Sobre o Liber Studium e a Arqueologia do Capitalismo

Texto de Beatriz Valladão Thiesen

A partir dos anos 90, uma forte corrente de estudiosos na América passou a defender o Capitalismo como o foco adequado da tradicionalmente chamada Arqueologia Histórica, que passou a ser considerada como o estudo “em termos históricos, culturais e sociais concretos dos efeitos do mercantilismo e do Capitalismo que foi trazido da Europa em fins do século XV e continua até hoje” (ORSER, 1992 p. 23). O mais importante de tudo é compreender que o avanço do sistema capitalista mundial foi responsável por uma feroz e intensa reordenação da sociedade que atingiu os mais diferentes níveis. De acordo com Lima (2002, p. 121),

profundas alterações foram e continuam sendo introduzidas nas relações inter-pessoais, nas relações sociais, nas relações com a natureza, na estrutura da família, na organização do trabalho, aí incluindo o doméstico, remodelando a maneira como pensamos acerca de nós mesmos, a maneira como criamos laços e construímos nossas ligações com os outros.

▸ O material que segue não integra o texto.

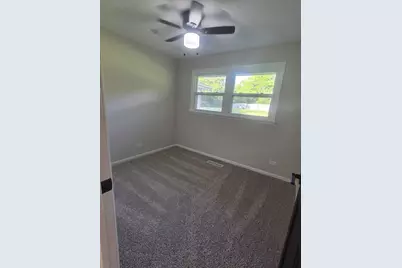 18749 Baker Avenue, Country Club Hills, IL 60478 - Photo 15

Essa cultura material diversificada carrega em si a narrativa de diferentes facetas de um mesmo drama: estratégias de sobrevivência, de dominação ou resistência; relações de trabalho, de gênero ou étnicas; divisões econômicas, religiosas ou espaciais, e tantas outras questões. Se o Capitalismo abrange todos os aspectos da vida, o estudo das suas origens e desenvolvimento não pode ser restrito somente à variáveis econômicas: ele engloba modo de vida, concepções sobre o indivíduo, maneiras à mesa, música, disciplina do corpo, etc.

Consolidado, embora também criticado, preferimos adotar o termo Arqueologia do Capitalismo a fim de não compactuar com a percepção etnocêntrica e binária que divide os povos entre os que não possuem história e os que possuem história. Por outro lado, esta é uma Arqueologia que procura o comprometimento social. Tomando as palavras de Funari (2002, p. 146) esta Arqueologia

abre a oportunidade para os arqueólogos confrontarem suas evidências de uma perspectiva crítica, observando as contradições tanto no passado como no presente (...). A Arqueologia brasileira tem, hoje, uma oportunidade sem igual de se engajar na recuperação dos grupos subalternos e de lutar por liberdade.

O objetivo final da Arqueologia do Capitalismo é uma prática que desafia o próprio Capitalismo. É com base nestas considerações que justificamos a existência nesta Universidade, no Instituto de Ciências Humanas e da Informação, do Liber Studium – Laboratório de Arqueologia do Capitalismo.

 

Objetivos do Laboratório: 

  1. Realizar pesquisas arqueológicas com foco nas questões vinculadas ao capitalismo e seus vários componentes, desde o final do século XIV até hoje;
  2. Promover a divulgação dos resultados das pesquisas nele desenvolvidas;
  3. Promover a divulgação do conhecimento arqueológico através de atividades de ensino, pesquisa e extensão;
  4. Prestar assessoria técnica e científica a outras instituições de ensino e/ou de pesquisa públicas ou privadas atuando na área da cultura e do patrimônio cultural;
  5. Apoiar o ensino e a pesquisa de graduação e pós-graduação.

Referências

FUNARI, P. P. A. Desaparecimento e emergência dos grupos subordinados na arqueologia brasileira. Horizontes Antropológicos, Porto Alegre, ano 8, n. 18, p. 131-153, 2002.

LIMA, T. A. O papel da arqueologia histórica no mundo globalizado.  In: SENATORE, M. X. e ZARANKIN, A. Arqueologia da sociedade moderna na América do Sul: cultura material, discursos e práticas. Buenos Aires: Ediciones Del Trident (Coleccion Cientifica), p. 117-127, 2002.

ORSER, C. E. Jr. Introdução à Arqueologia Histórica – Tradução e apresentação Pedro Tradução e apresentação Pedro Paulo Abreu Funari. Belo Horizonte: Oficina de Livros, 1992.